↓

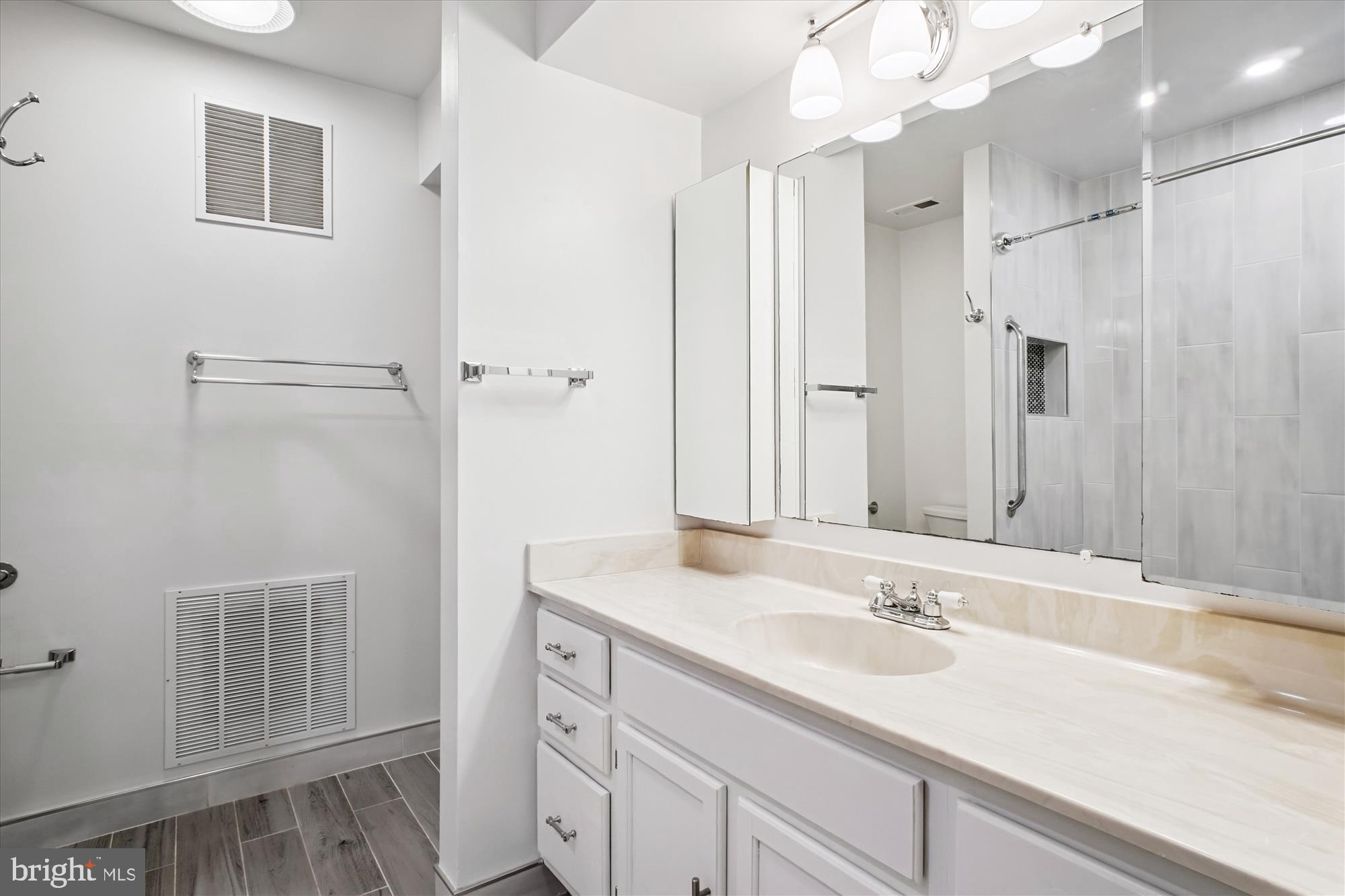 BELLEVUE FOREST - Residential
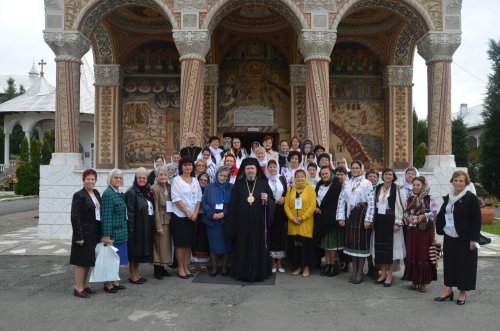 Întrunire aniversară a Asociației Femeilor Ortodoxe Române din Episcopia Oradiei Poza 185922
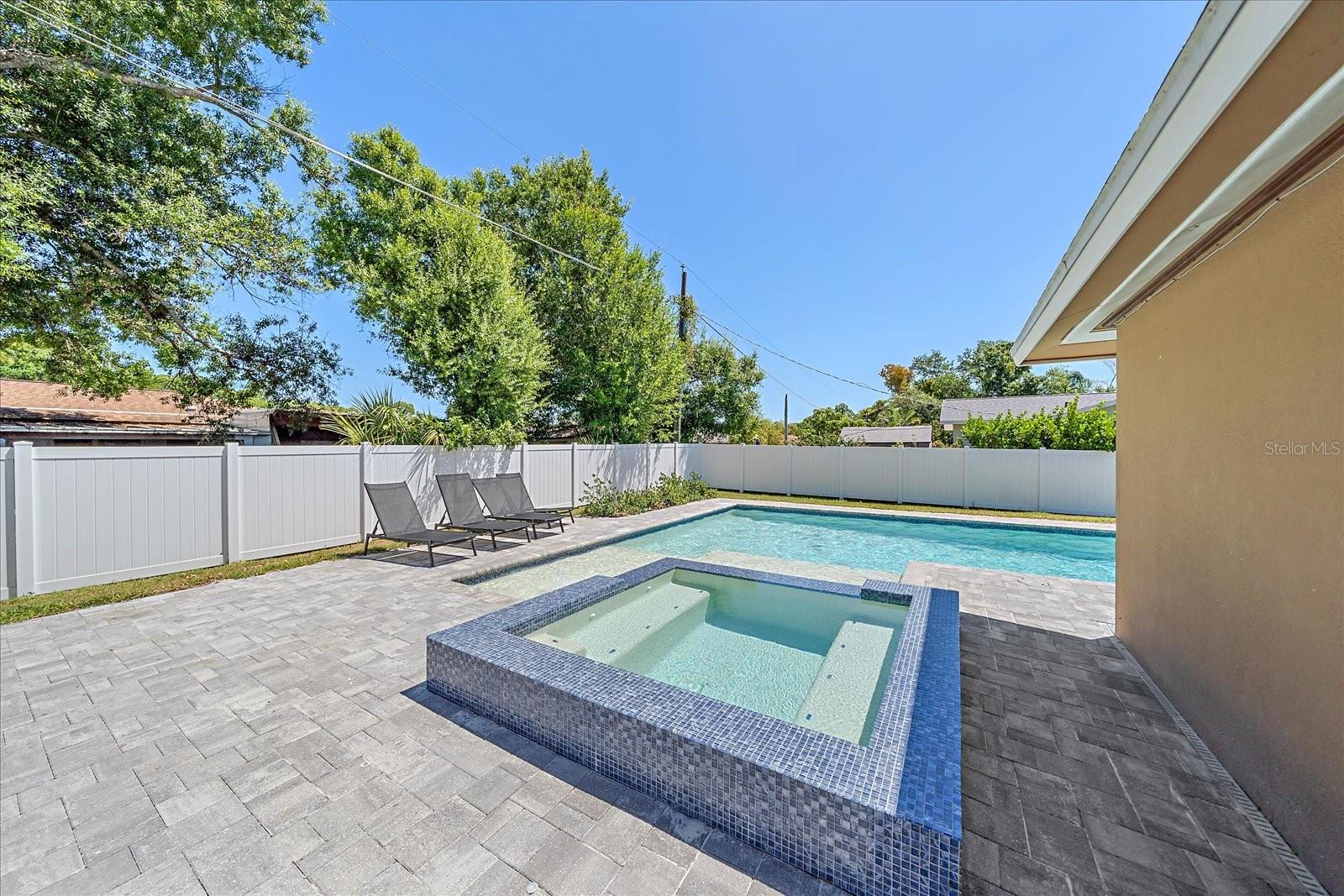 ASHTON PARK - Residential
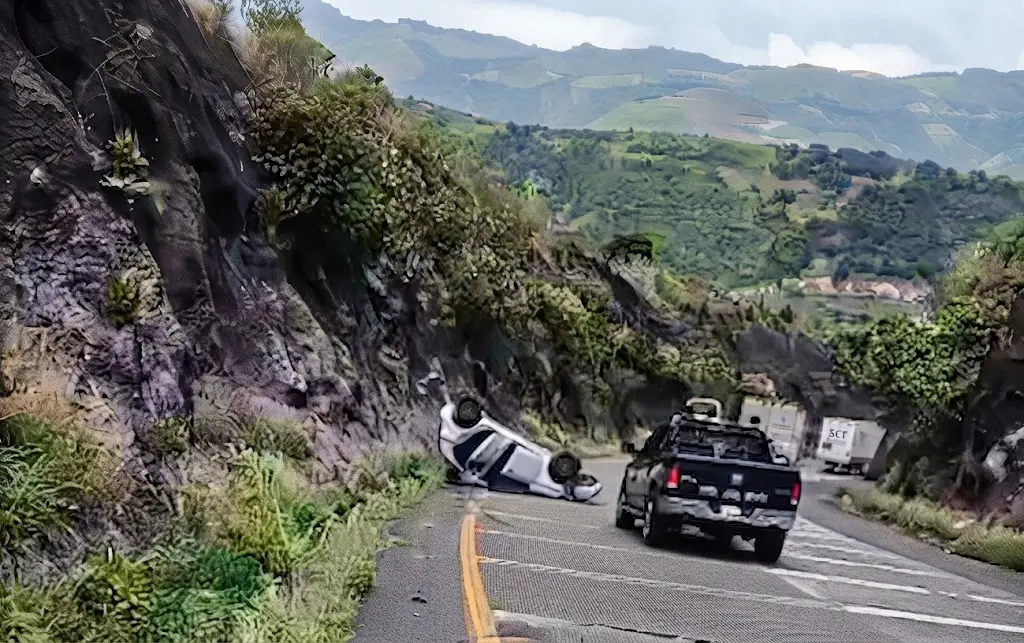 Imagen Reportan volcadura en las Cumbres de Maltrata; ¿ya hay paso?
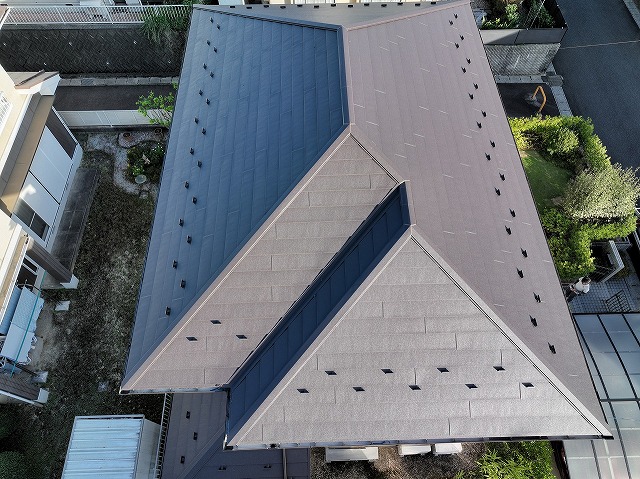 多治見市脇之島町で完工したカバールーフ工事の様子。ドローンから撮影した屋根全景で、IG工業のスーパーガルテクトが美しく仕上がり、均一で艶のある屋根面が整然と輝いている。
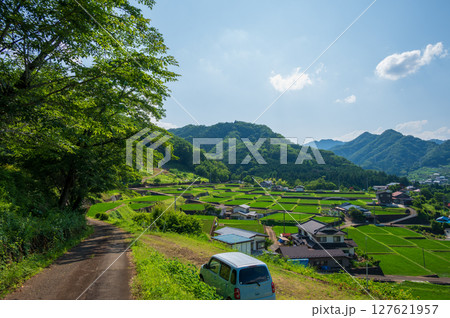 秋山の農村風景　富岡の棚田 127621957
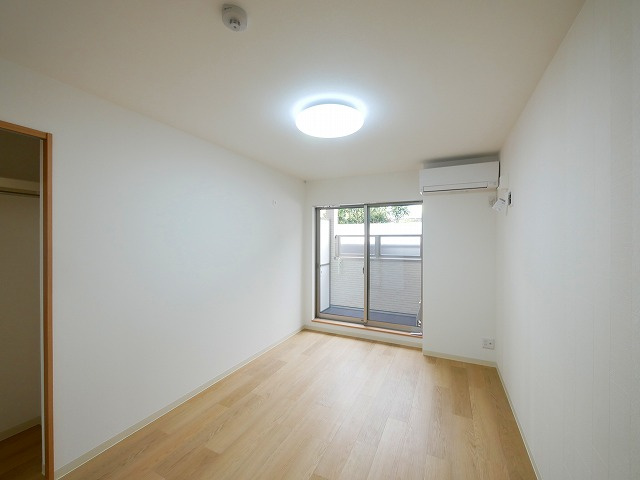 クレアール芝辻町の洋室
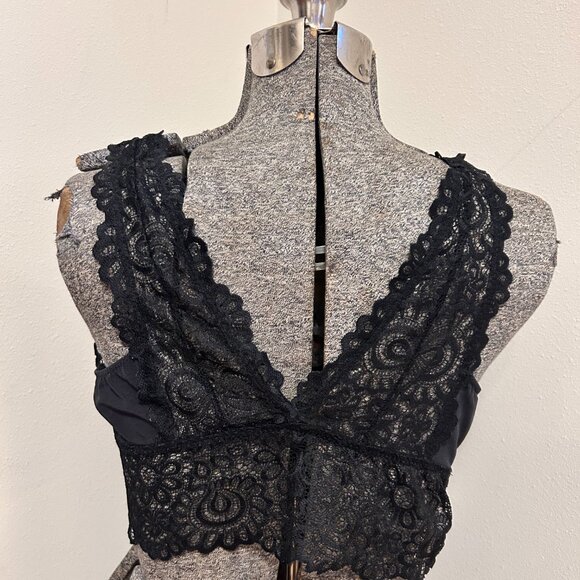 Black lace full coverage bralette - Picture 2 of 2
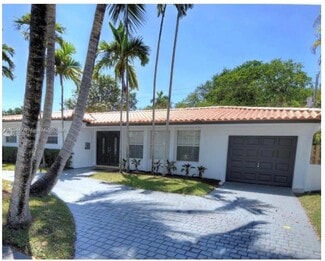 2080 NE 205th St, Miami, FL 33179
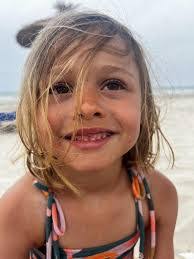 Michelle Topper's Instagram, Twitter & Facebook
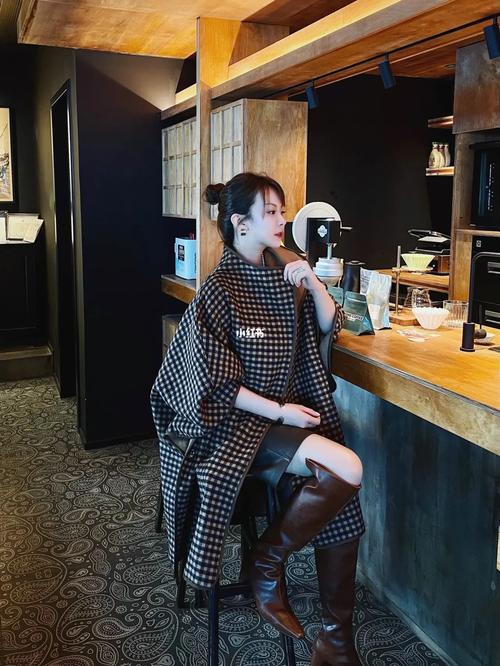 驼色斗篷毛衣怎么搭配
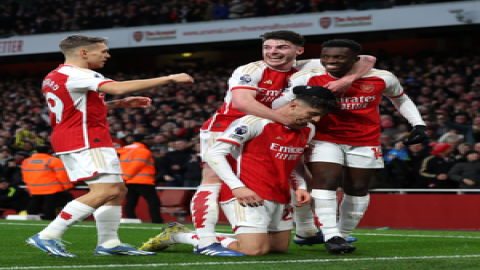 Premier League: Arsenal move to top with dominant win over Brighton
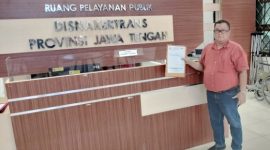 Yoyok Sakiran, Ketua BPAN-LAI Jateng, saat memberikan surat ke Disnakertrans Kabupaten Pati.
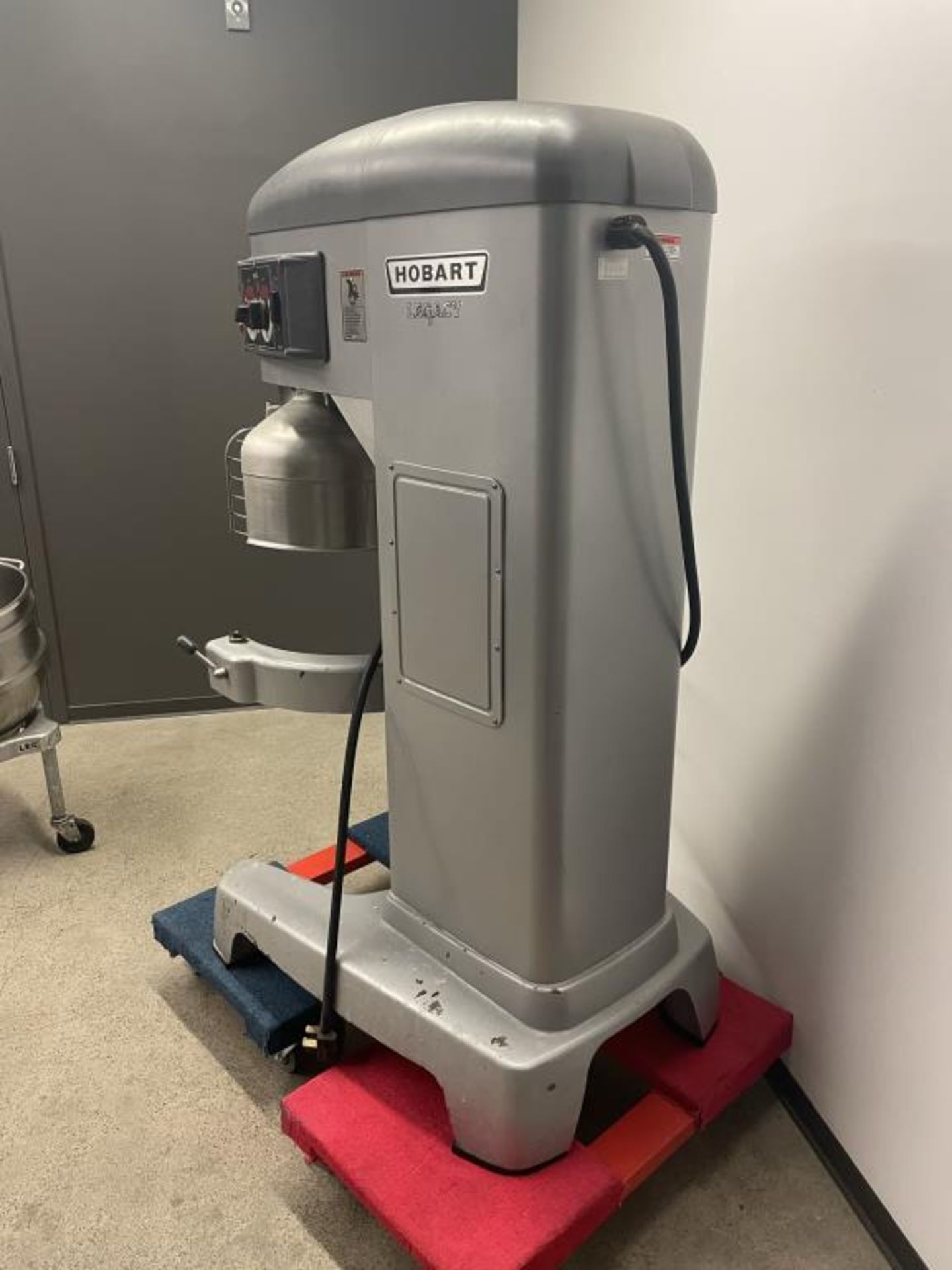 Hobart Legacy HL6621STD Legacy Floor Mixer w/ Accessories - Image 8 of 19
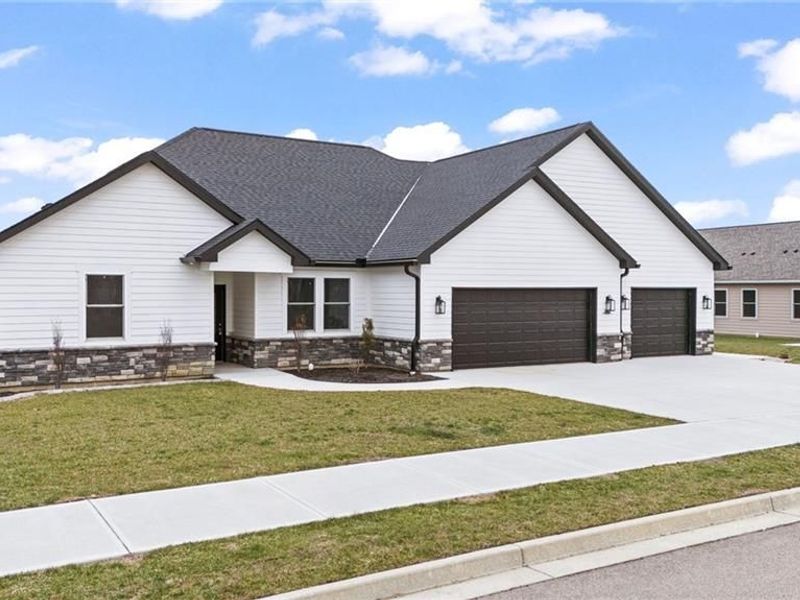 940 Rosenthal Drive, Troy, OH 45373 Photo 4
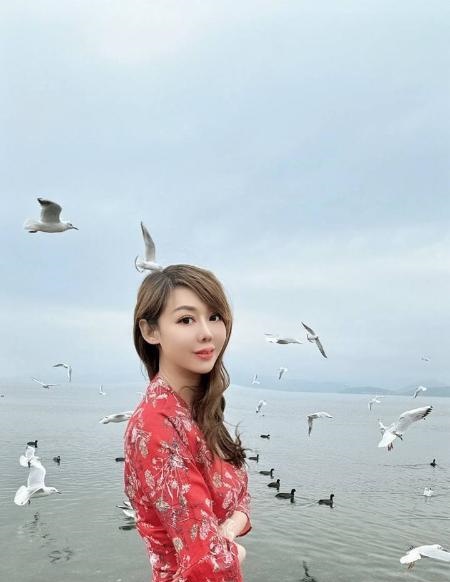 朝阳性感大长腿妹子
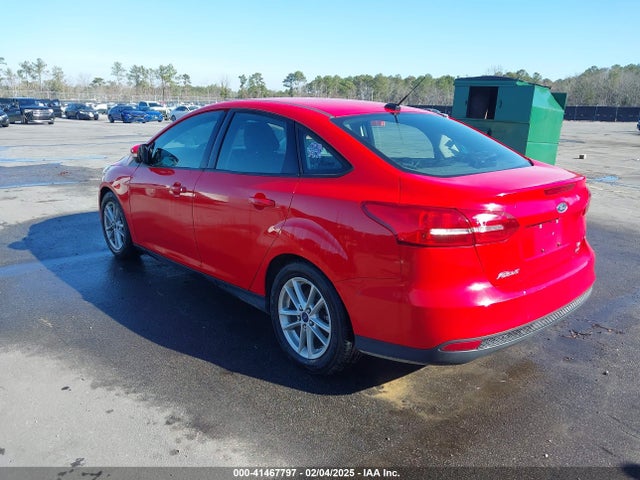 Ford FOCUS SE 2015 1FADP3FE8FL321587 Image 3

↑

Your copy should consist only of the lines from the line holding "Premier League: Arsenal" through the final line of the listing above, both included, with all pictures omitted.

§ **Expected answer**:
 Premier League: Arsenal move to top with dominant win over Brighton
 Yoyok Sakiran, Ketua BPAN-LAI Jateng, saat memberikan surat ke Disnakertrans Kabupaten Pati.
 Hobart Legacy HL6621STD Legacy Floor Mixer w/ Accessories - Image 8 of 19
 940 Rosenthal Drive, Troy, OH 45373 Photo 4
 朝阳性感大长腿妹子
 Ford FOCUS SE 2015 1FADP3FE8FL321587 Image 3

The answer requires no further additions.